Arthur T Knackerbracket has processed the following story:
Just like Boeing, once upon a time, Intel was the darling of the engineering world. Both companies were the premier tech companies in their day, but those days are long gone now.
[...] Intel hasn't experienced such speculator public failures, but it is tripping over its own feet a lot lately. As everyone knows, Intel's 13th and 14th Gen processors, particularly the Raptor Lake series, have been failing… a lot.

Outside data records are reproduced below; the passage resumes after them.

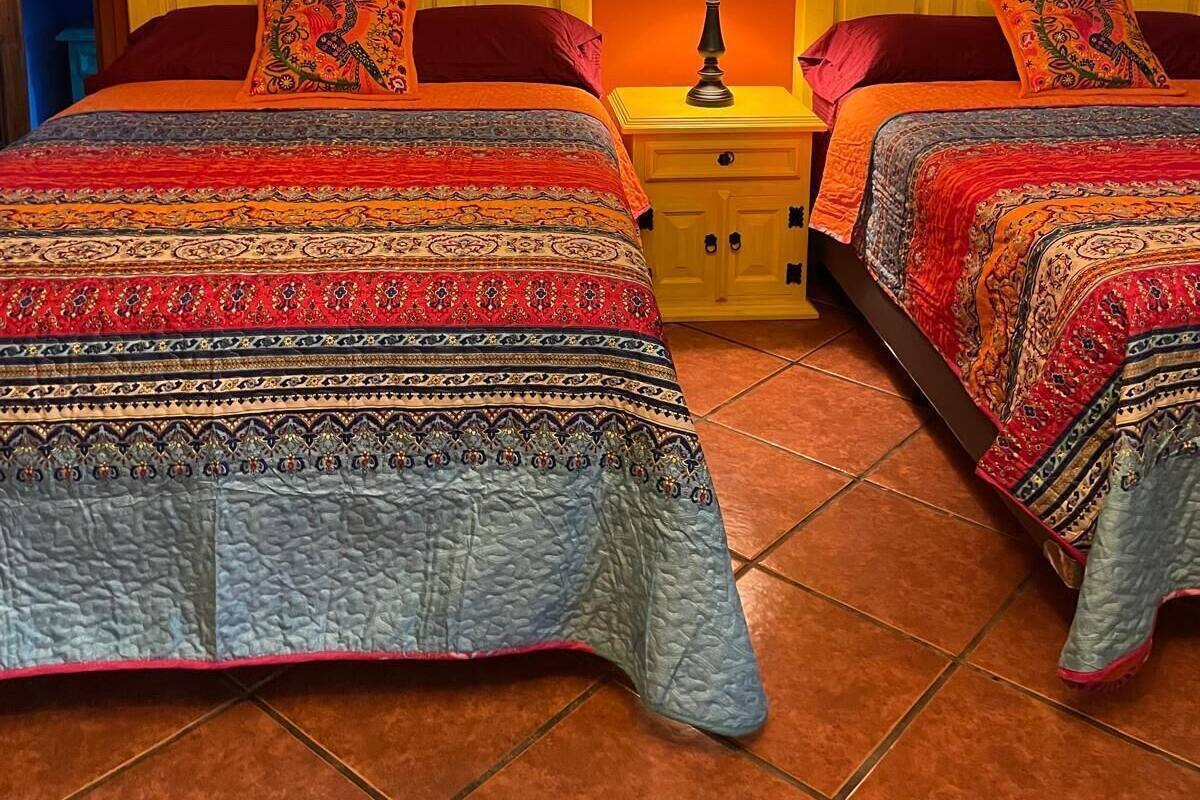 A room with two beds, each with a patterned bedspread, a nightstand with a lamp, and a wall-mounted artwork.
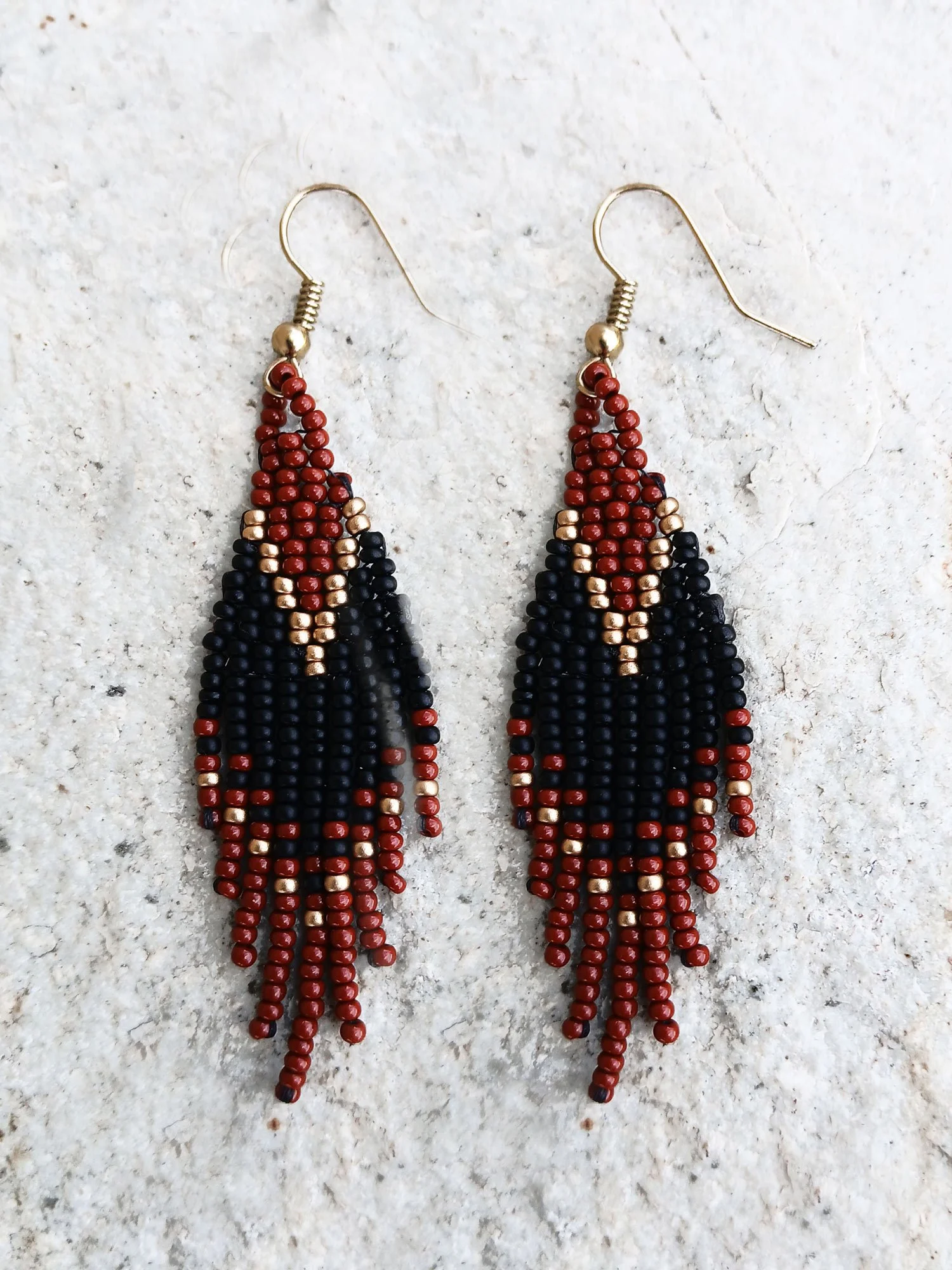 Handwoven brick-stitch beaded earrings in medium rust brown, black, and gold with a short fringe design.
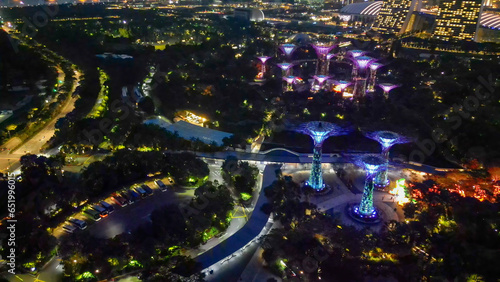 Fototapeta Naklejka Na Ścianę i Meble -  Singapore and Marina Bay skyscrapers. Aerial view at night from drone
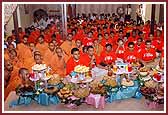 Kishores report their activities to Swamishri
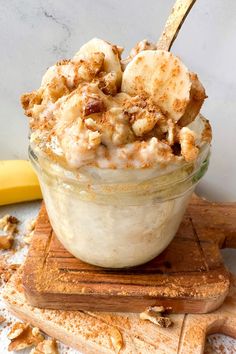 a dessert in a glass bowl on top of a cutting board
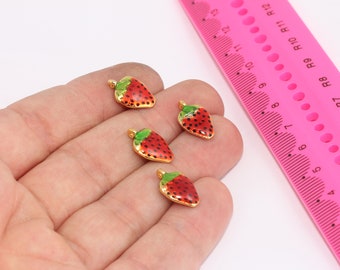 Puede incluir: Cuatro abalorios de color dorado en forma de fresas con esmalte rojo y verde. Los abalorios están en una mano con una regla rosa en el fondo.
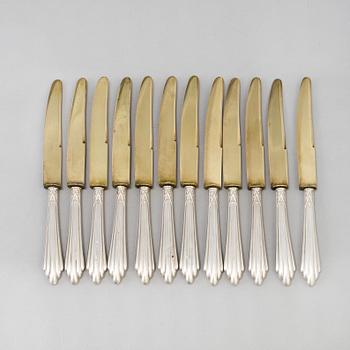 A set of twelve parcel-gilt silver fruite knives from the late 19th century.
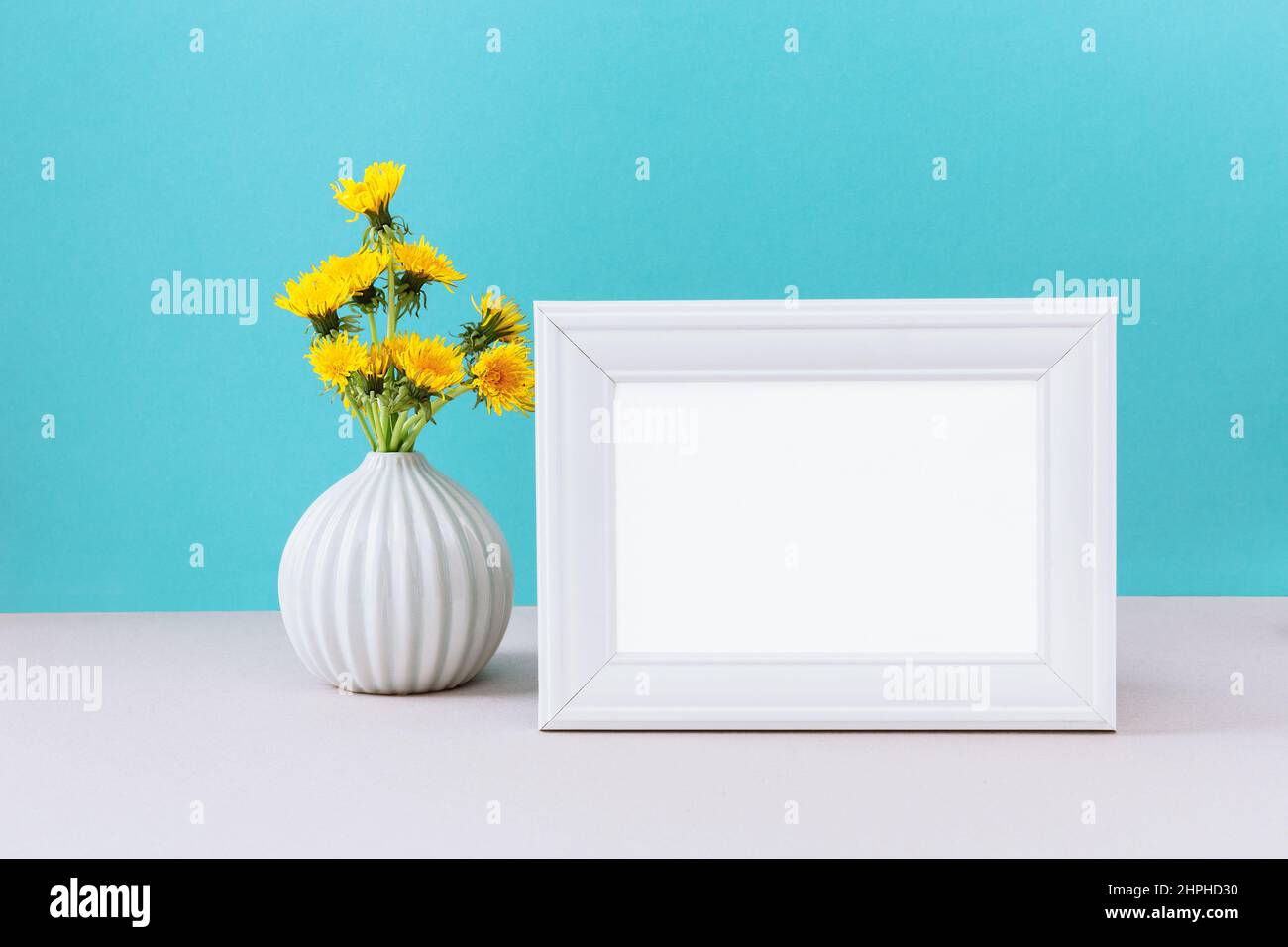 Maquette de cadre blanc avec fleurs de pissenlit jaune sauvage dans un vase. Maquette avec cadre vide pour un motif de présentation. Modèle blanc sur fond cian Banque D'Images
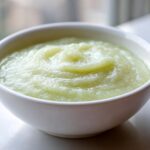 Close-up of a white bowl filled with smooth, light green Creamy Potato Leek Soup.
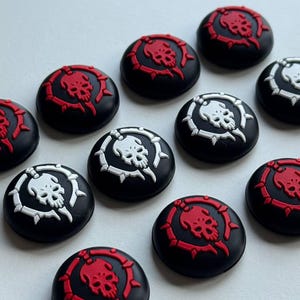 May include: A collection of black, circular buttons with a skull and bone design. The skull and bone design is featured in red and white. The buttons are arranged on a white surface.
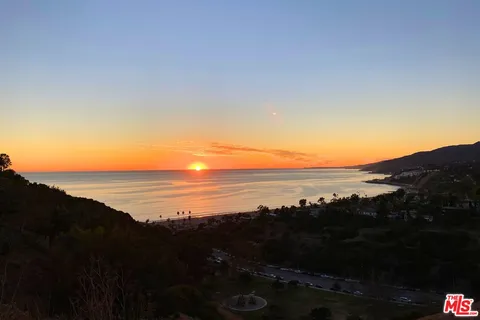 a view of lake and mountain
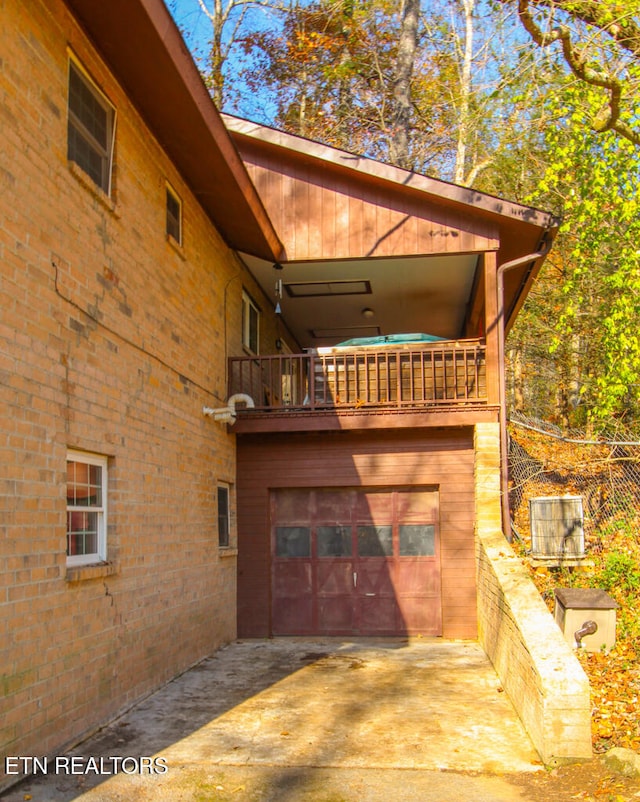 view of side of property with a balcony and a garage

[...] Today, adding insult to injury, these problems appear most often in its top-of-the-line Core i9-13900K and Core i9-14900K CPUs. When you pay north of $500 or £400 for a single processor, you're not likely to take it kindly when the video flips out. Funny that.
[...] In addition, Intel has been struggling with yields on its new chip families. Now, Intel hopes to catch up with AMD and TSMC by 2026 with its next-generation 2nm CPUs. I hate to tell you this, Intel, but it's not like they'll be sitting around waiting for you.
Intel CEO Pat Gelsinger referred to this struggle as a “death march" back in 2022. I don't think I would have used that phrase, but it appears to be more apt than ever.
Numerous soon-to-be ex-Intel employees doubtlessly would agree with me. Recently, Intel announced it would soon be laying off 16,000 staffers. That's 15 percent of its workforce if you're playing the stock market.
The market wasn't impressed. Between the layoffs, missing its guidance numbers, and chopping back its dividend, Intel's share price is dropping like it's in a, well, death march.
Why is all this happening? I think it's the result of poor management decisions and underinvestment in critical manufacturing technologies. In particular, it was how Intel prioritized business strategies and financial performance over engineering excellence.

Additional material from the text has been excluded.